LightPath: Lightweight and Scalable Path Representation Learning
This work addresses the need for efficient path representation learning in resource-limited environments like smart cities, though it is incremental as it builds on existing methods with a focus on optimization.
The paper tackles the problem of high resource consumption and poor scalability in path representation learning by proposing LightPath, a lightweight and scalable framework that reduces resource usage without compromising accuracy, achieving up to 50% faster training and 30% smaller model size compared to baselines.
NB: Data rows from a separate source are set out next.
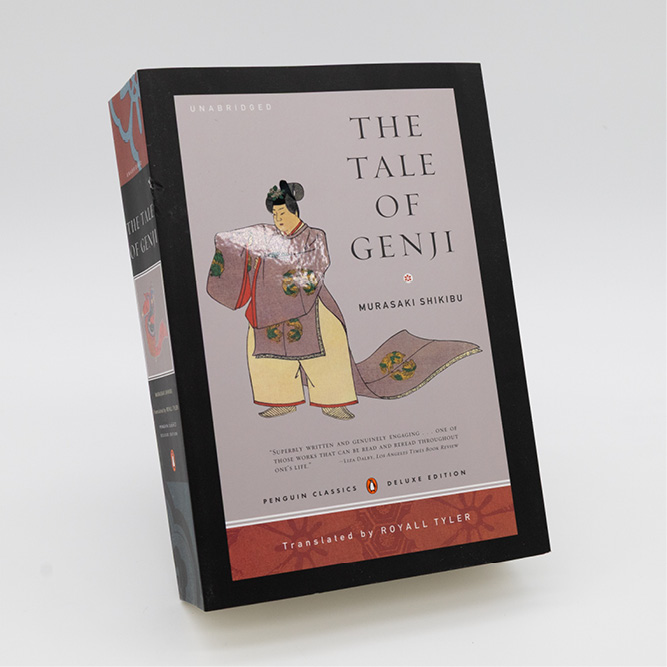 Front cover of ‘The Tale of Genji’ by Murasaki Shikibu, deluxe edition, featuring a traditional illustrated figure against a soft grey background, photographed standing upright on a white surface.
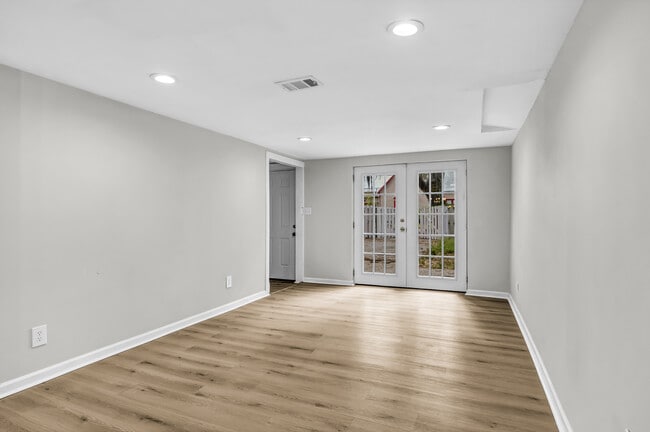 Living room flushed with natural light from French doors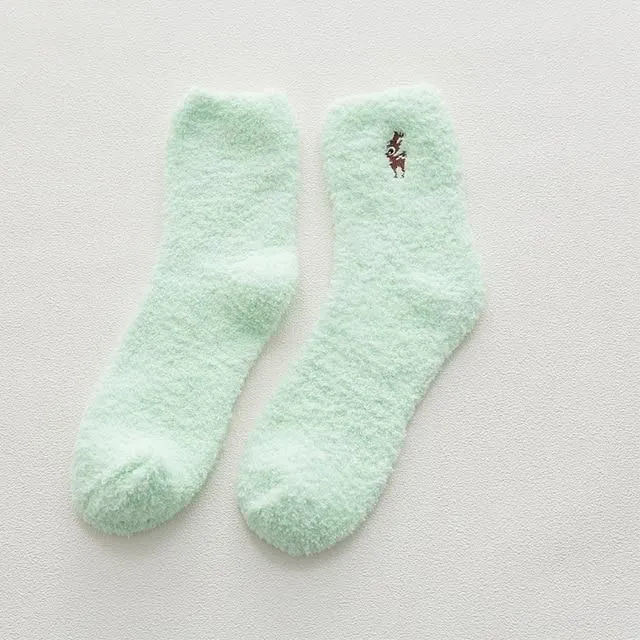 Warm socks in the shape of a paw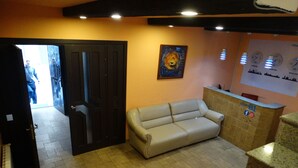 Un área de recepción con un sofá, una puerta que da al exterior, un cuadro en la pared y un mostrador con un cartel.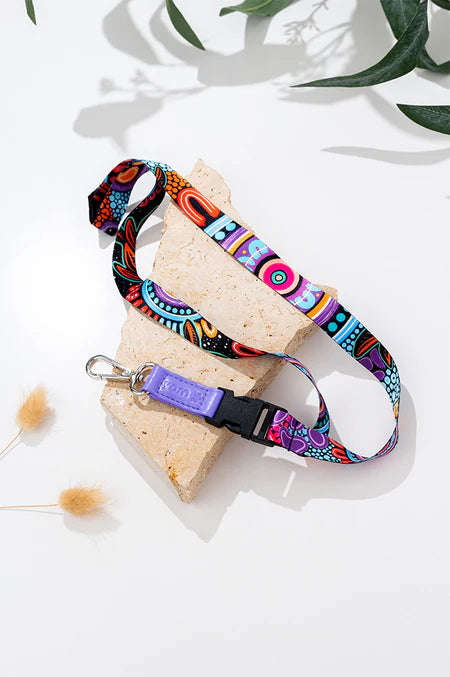 Colorful dog leash on a white surface with green leaves in the background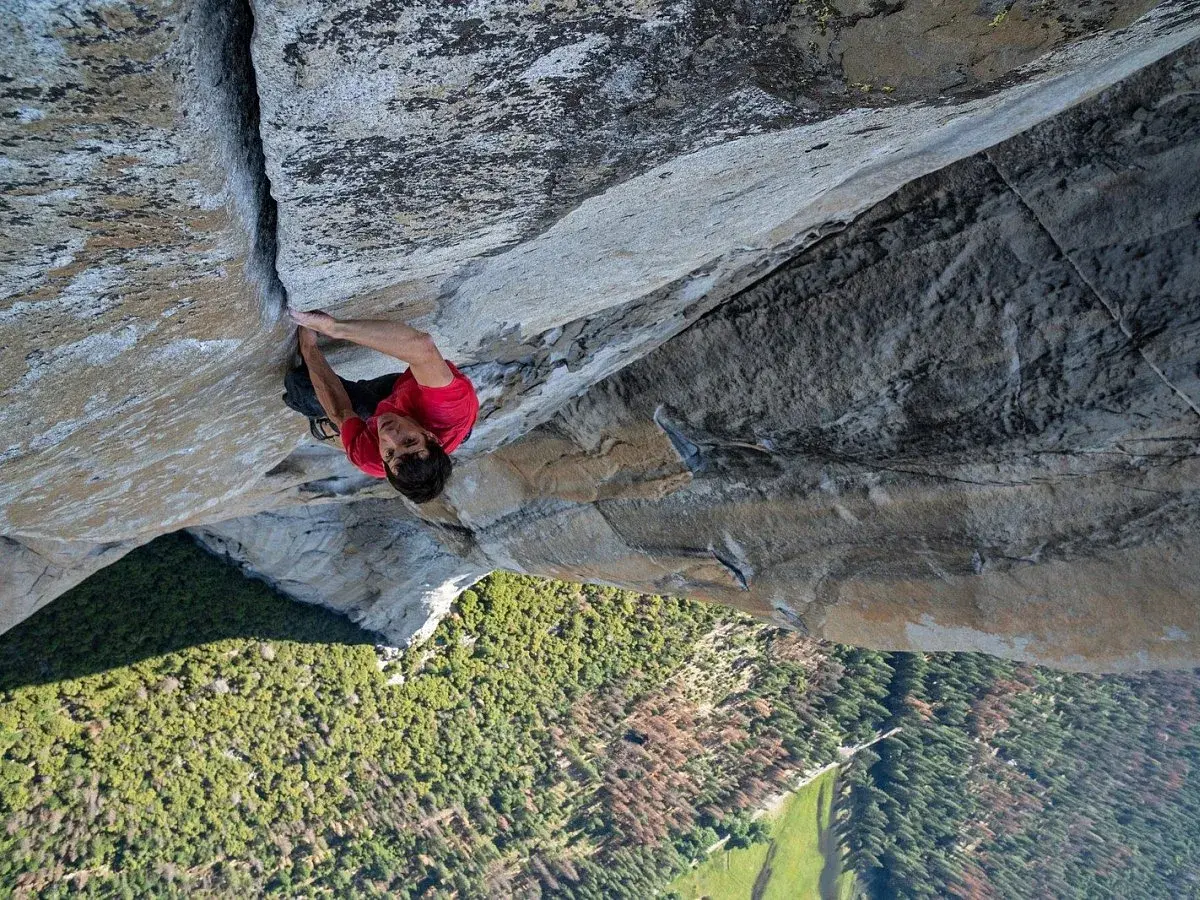 Alex Honnold klettert free solo die steile Felswand hinauf. Unter ihm erstreckt sich ein grünes Tal mit Bäumen.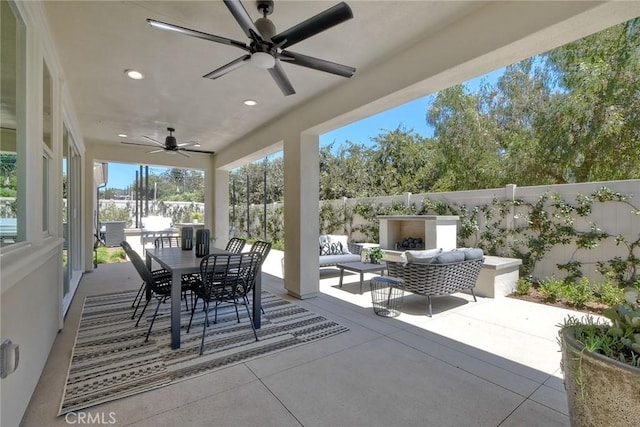 3042 Mesa Gln, Escondido, CA 92026 - fenced backyard featuring ceiling fan, a patio, outdoor lounge area, and outdoor dining area
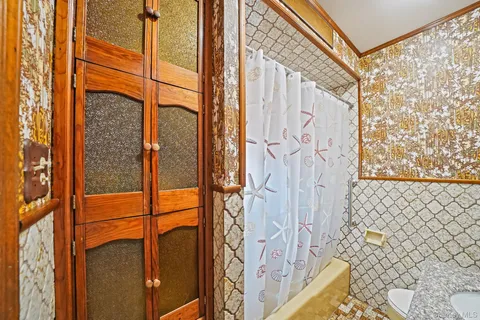 a bathroom with a sink a toilet and shower curtain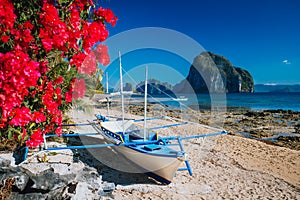 Traditional banca boat and vivid colored flowers at Las cabanas beach with amazing Pinagbuyutan island in background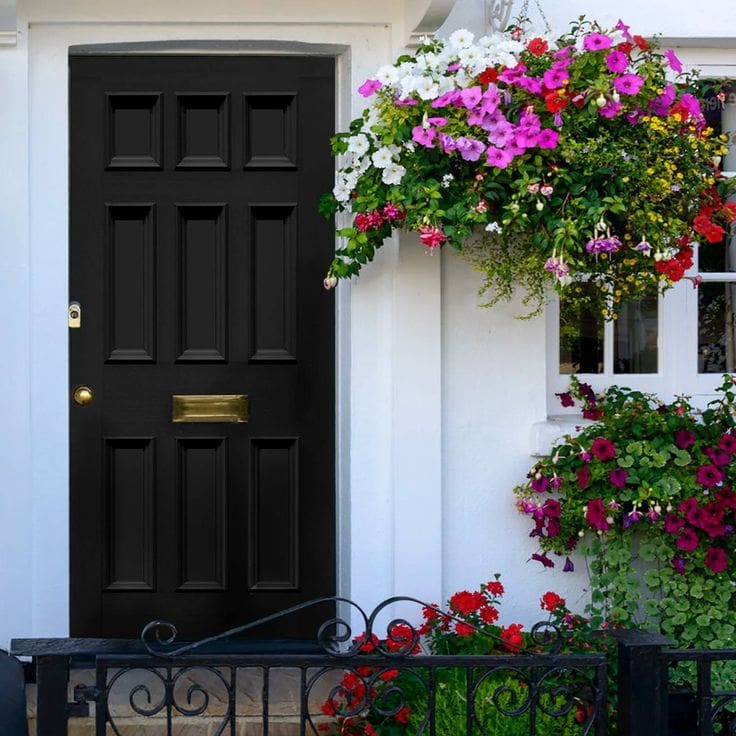 Hanging Flower Baskets Add Color Next to Your Black Door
Movement paths are used widely in intelligent transportation and smart city applications. To serve such applications, path representation learning aims to provide compact representations of paths that enable efficient and accurate operations when used for different downstream tasks such as path ranking and travel cost estimation. In many cases, it is attractive that the path representation learning is lightweight and scalable; in resource-limited environments and under green computing limitations, it is essential. Yet, existing path representation learning studies focus on accuracy and pay at most secondary attention to resource consumption and scalability. We propose a lightweight and scalable path representation learning framework, termed LightPath, that aims to reduce resource consumption and achieve scalability without affecting accuracy, thus enabling broader applicability. More specifically, we first propose a sparse auto-encoder that ensures that the framework achieves good scalability with respect to path length. Next, we propose a relational reasoning framework to enable faster training of more robust sparse path encoders. We also propose global-local knowledge distillation to further reduce the size and improve the performance of sparse path encoders. Finally, we report extensive experiments on two real-world datasets to offer insight into the efficiency, scalability, and effectiveness of the proposed framework.